A senior police commander has expressed optimism that the height of Northern Ireland’s loyal order marching season can pass off peacefully.
The PSNI officer in charge of the policing operation, Assistant Chief Constable Stephen Martin, said tensions ahead of the traditional Twelfth Of July parades were not as marked as in previous years.
A deal to resolve the Province’s most volatile parading impasse – at the Ardoyne/Twaddell Avenue interface in north Belfast – collapsed last month.
However, the breakdown of negotiations between the Orange Order and nationalist residents in the Ardoyne area was not accompanied by recriminations.
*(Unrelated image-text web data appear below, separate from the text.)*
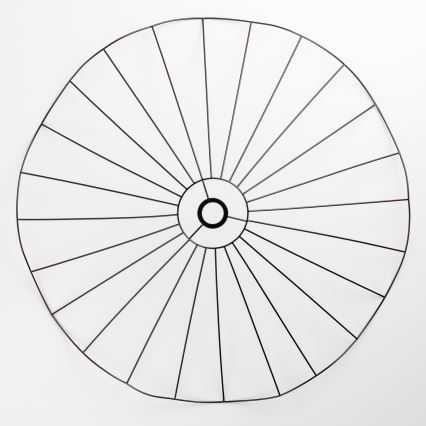 Brilagi - LED lestenec na kablu CERIA WIRE 1xE27/40W/230V premer 80 cm črn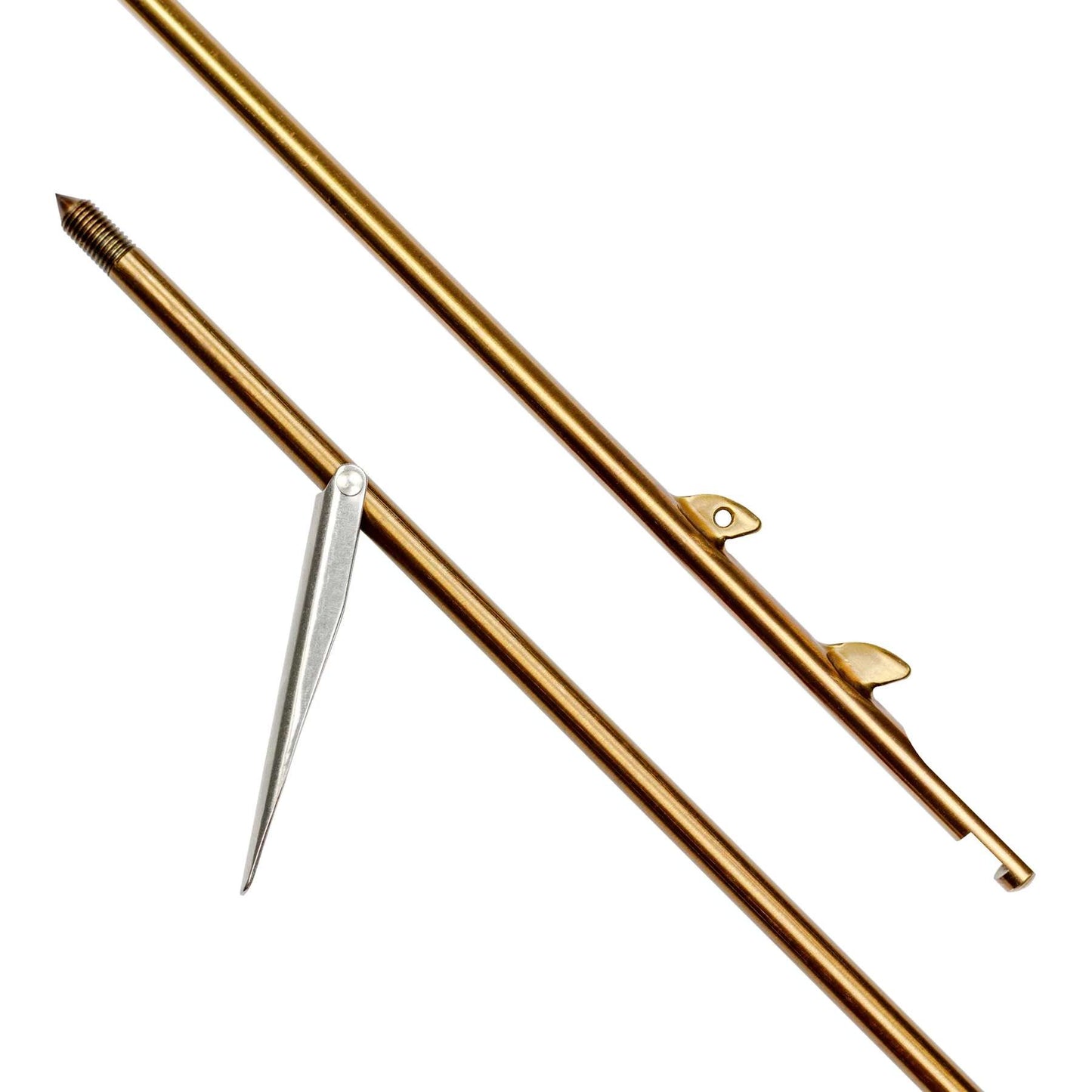 JBL Shafts for M10 Elite, Euro, & American - 5/16" (8mm) American Notched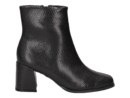 Tango boots with heel black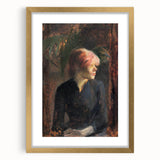 Modern Wall Art Print - Classic Portrait, Contemporary Art for Home Decor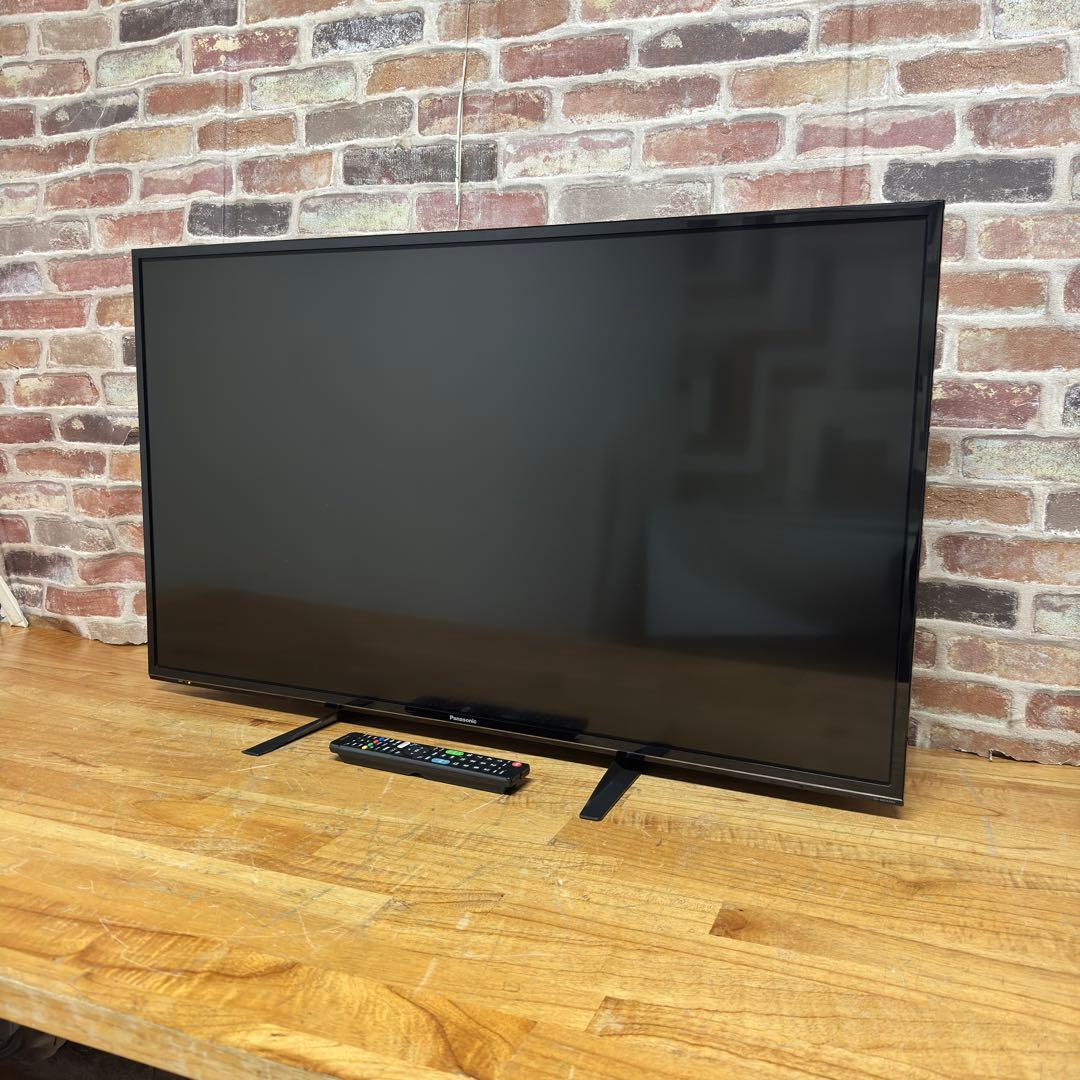 パナソニック 43V型 4K 液晶テレビVIERA TH-43FX600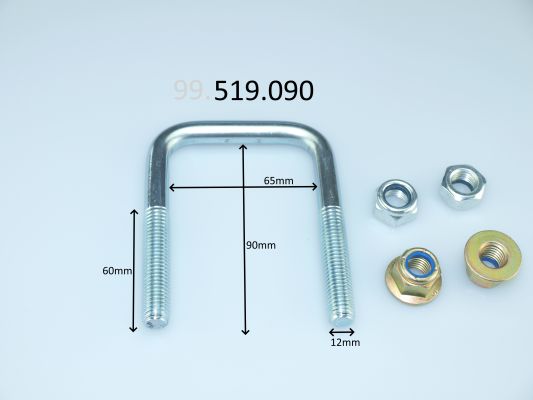 Spring Clamp - 99.519.090 CS Germany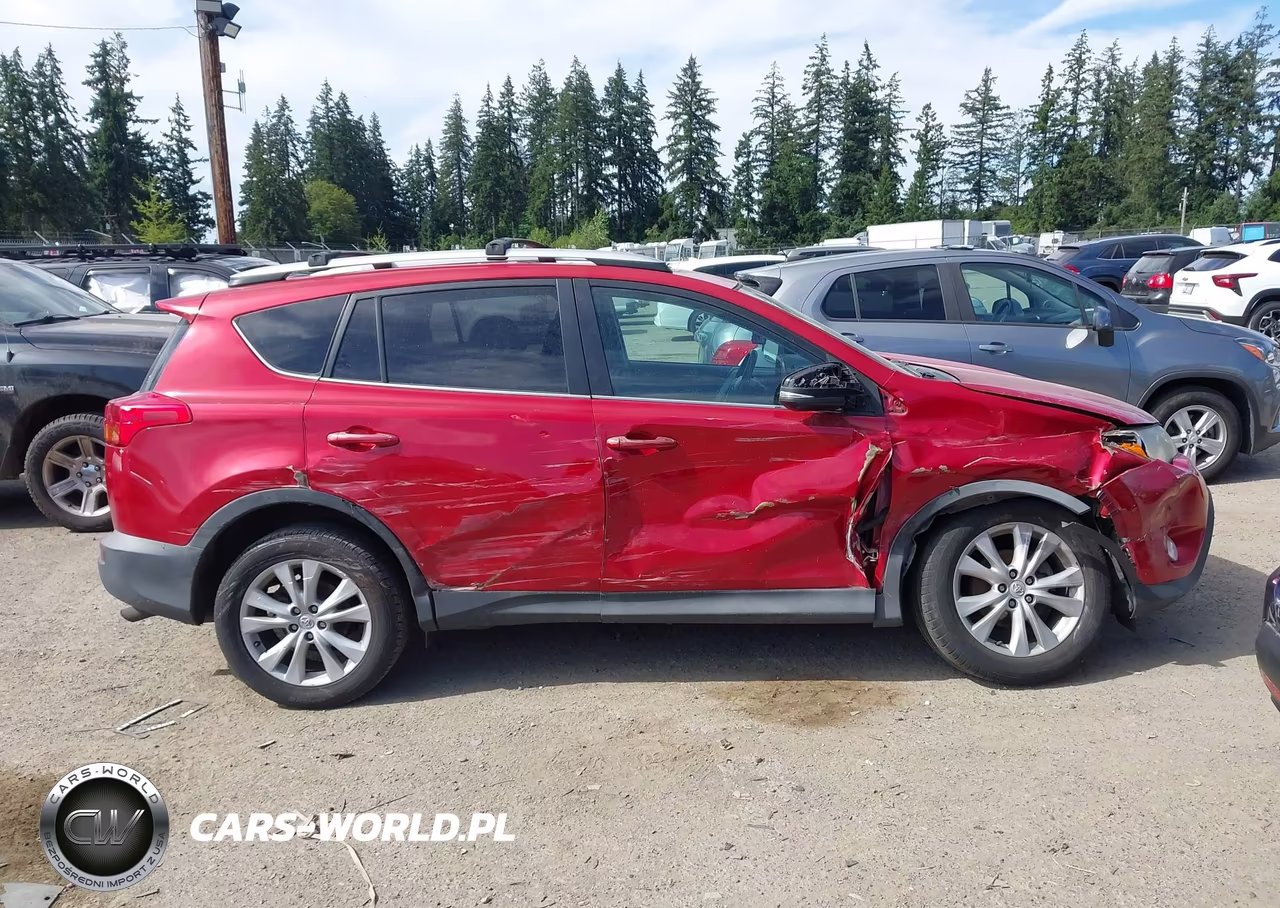 2013 Toyota Rav4 Limited VIN:2T3DFREV0DW080376 - 14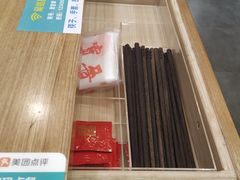 餐具摆设-晋宝章大同刀削面(和平里店)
A protest camp has been manned in the unionist Twaddell Avenue area since the Orange Order was banned by the Parades Commission from marching through Ardoyne on its return from Twelfth Of July demonstrations in 2013. The interface has been the scene of rioting and unrest during the marching season for years.
Briefing members of the Policing Board in Belfast, AAC Martin noted that a number of major summer loyal order parades have already passed off without incident, and that the vast majority on July 12 would do likewise.
“There is a sense of a reduced tension this year compared with last year,” he said.
“We were all disappointed that the community resolution to the Twaddell impasse was unsuccessful but I think it was really positive the level of engagement that was going on there and, even though it was unsuccessful at this point, people have been very mature and very responsible in their words after that and I would hope that can get that revisited in the weeks and months that lie ahead.”
On Wednesday night, the Greater Ardoyne Residents Collective (GARC) said it had distributed 500 leaflets door-to-door in the area urging residents to resist any compromise deal – between the less militant CARA group and the Orange Order – that could end the Ardoyne/Twaddell impasse.